Case ID: a2d_134/html/0583-01.html
Source: Caselaw Access Project
Author: {"author": "QUINN, Associate Judge.", "license": "Public Domain", "url": "https://static.case.law/"}
Date Created: 2024-08-24T03:29:51.129683

Walter CAVELL, Appellant, v. 2300 RESTAURANT, Inc., Appellee.
    No. 2032.
    Municipal Court of Appeals for the District of Columbia.
    Argued July 29, 1957.
    Decided Sept. 20, 1957.
    
      H. Nathaniel Blaustein, Washington, D. C., for appellant.
    John T. Reges, Washington, D. C., for appellee.
    Before HOOD and QUINN, Associate Judges, and CAYTON (Chief Judge, Retired) sitting by designation under Code, § 11-776(b).
   QUINN, Associate Judge.

Appellant was the owner of a restaurant business which he sold to appellee. Prior to the sale appellant had purchased certain fixtures for his restaurant, for which he executed a note payable to Abram E. Stern Company. Subsequently suit was initiated on the note against appellant by the Stern Equipment Company. Appellant claimed that appellee had agreed to assume his obligation on the note in return for a reduction on the purchase price of the restaurant business and accordingly filed a third-party complaint against appellee, to which the Stern Equipment Company consented. The pretrial judge entered judgment on the pleadings in favor of Stern Equipment Company against appellant for the amount of the note, and the case went to trial on certain fact issues between appellant and appellee.

In the course of the trial the judge noticed a discrepancy between the name of the payee on the note and that of the plaintiff in the original action. Appellant contended that each name represented a separate corporate entity but that both were controlled by the same person, and that the Abram E. Stern Company had assigned its rights under the note to the Stern Equipment Company. He moved to amend his pleadings so as to reflect this claim and offered to produce evidence to support it. The judge refused to permit the amendment, and directed a verdict for appellee on the ground, as the docket entry recites, that

“ * * * the Third Party Complaint is based upon a liability of the Third Party Plaintiff arising from a Judgment in favor of the Stern Equipment Co.
“Whereas, the evidence shows that the liability of the Third Party Plaintiff is to the Abram E. Stem Co. * * * .”

Appellant did not appeal this judgment. Instead he filed another complaint alleging either that appellee owed him a certain amount on the purchase price of the restaurant, or, in the alternative, that it had refused to' pay the indebtedness due from him to the Abram E. Stern Company which it had agreed to assume. He claimed further that the Stern Equipment Company, as assignee of the Abram E. Stern Company, had obtained a judgment against him for this indebtedness, which appellee had refused to pay. Appellee moved for summary judgment on the ground that the judgment in the prior action was res judicata. The motion was granted and this appeal followed.

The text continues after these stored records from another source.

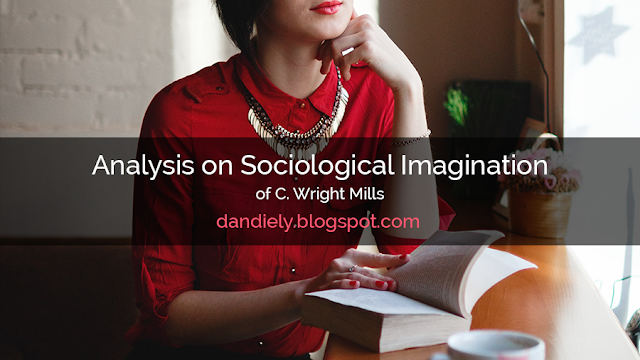 Analysis on Sociological Imagination Analysis on Sociological Imagination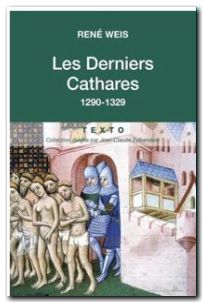 Les derniers Cathares 1290-1329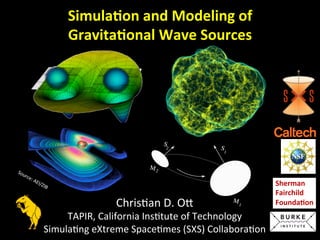 Chris&an	
  D.	
  O-	
  	
  
TAPIR,	
  California	
  Ins&tute	
  of	
  Technology	
  
Simula&ng	
  eXtreme	
  Space&mes	
  (SXS)	
  Collabora&on	
  
Sherman	
  	
  
Fairchild	
  
Founda0on	
  
Simula0on	
  and	
  Modeling	
  of	
  
Gravita0onal	
  Wave	
  Sources	
  
 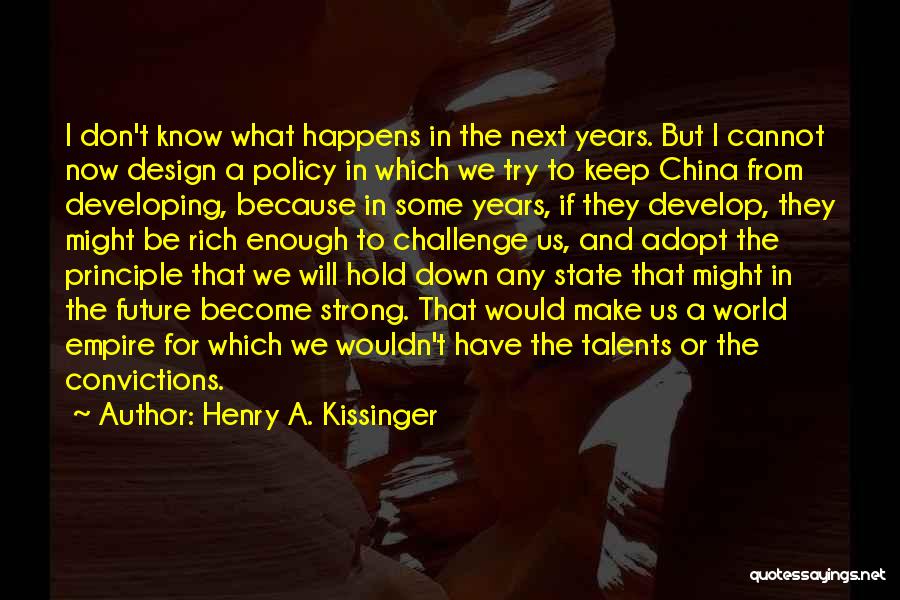 What Will The Future Hold Quotes By Henry A. Kissinger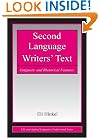 Second Language Writers' Text: Linguistic and Rhetorical Features (ESL and Applied Linguistics Professional Series)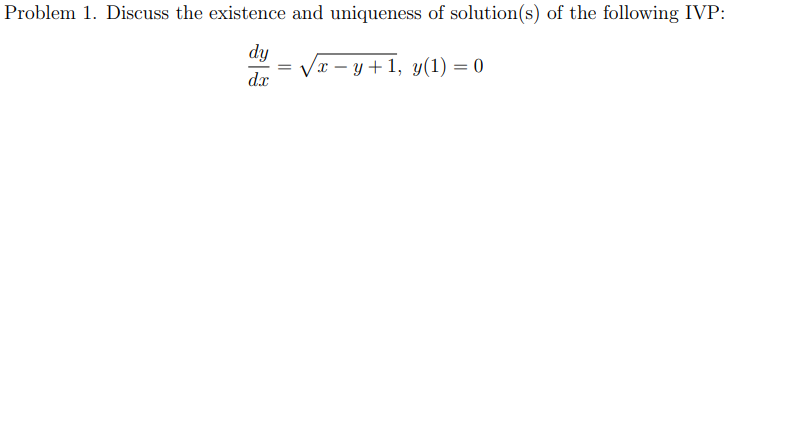 Problem 1. Discuss the existence and uniqueness of solution(s) of the following IVP:
dy
Vr – y + 1, y(1) = 0
dx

The general rule is that only a judgment which adjudicates the merits of a controversy can operate as a bar to any subsequent suit. An action which is terminated because of a technical defect does not foreclose further litigation once that defect is removed. The present suit is based on the same claim of indebtedness as the prior one; however, it is apparent that the former one did not adjudicate the merits, but was decided on the basis of a variance between the pleadings and the proof. Consequently the original action was not res judicata of the instant one, and it was error to grant appellee’s motion for summary judgment.

Reversed. 
      
      . Swift v. McPherson, 1914, 232 U.S. 51, 34 S.Ct. 239, 58 L.Ed. 499.